▶ **Directions for this task**
Retype the listing found below exactly, but leave out each picture.

▶ **Data excerpt**
━━━

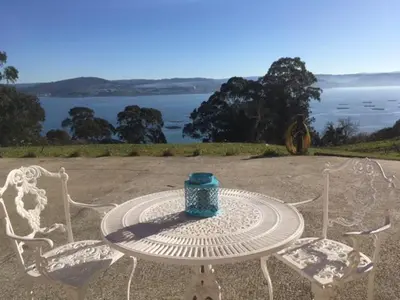 a table and two chairs with a blue vase on it at CASA FONTE DA PEDREIRA in Sada
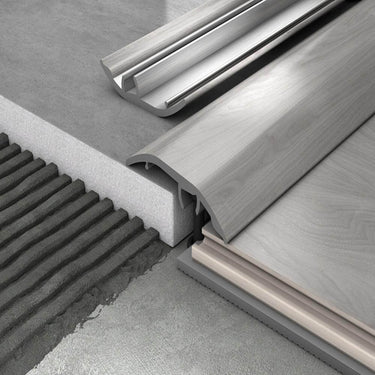 3D render of modern floor transition strips connecting tile and laminate flooring on concrete subfloors. Shows professional threshold profile for smooth and durable floor edge finishing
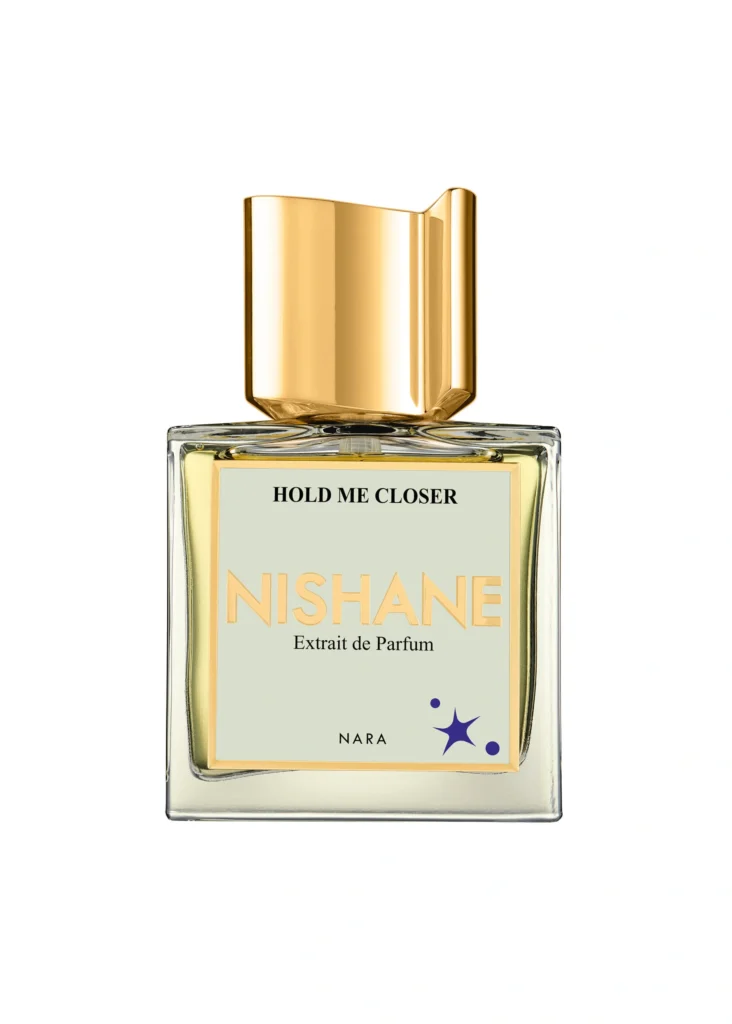 Nishane Hold Me Closer Extrait de Parfum bottle featuring a sculptural gold cap, pale label and NARA graphic detail.
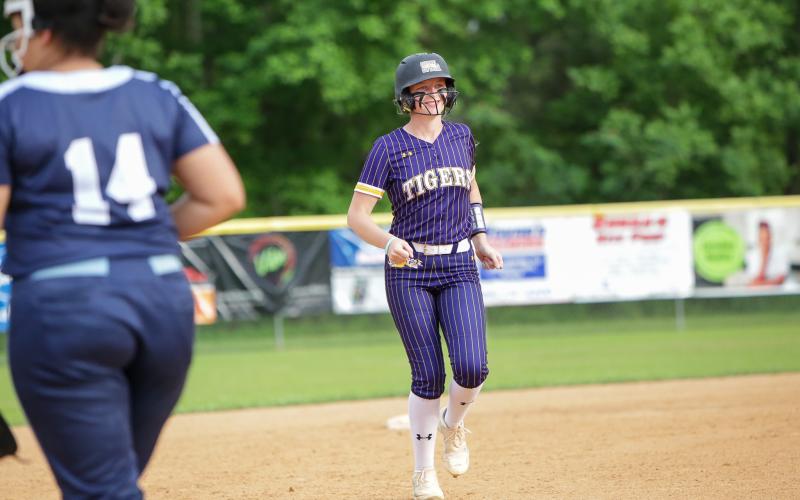 Columbia first baseman Kimber Long trots around the bases after hitting a two-run home run against P.K. Yonge on Tuesday night. (BRENT KUYKENDALL/Lake City Reporter)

━━━

▶ **Response for this exercise**
 a table and two chairs with a blue vase on it at CASA FONTE DA PEDREIRA in Sada
 3D render of modern floor transition strips connecting tile and laminate flooring on concrete subfloors. Shows professional threshold profile for smooth and durable floor edge finishing
 Nishane Hold Me Closer Extrait de Parfum bottle featuring a sculptural gold cap, pale label and NARA graphic detail.
 Columbia first baseman Kimber Long trots around the bases after hitting a two-run home run against P.K. Yonge on Tuesday night. (BRENT KUYKENDALL/Lake City Reporter)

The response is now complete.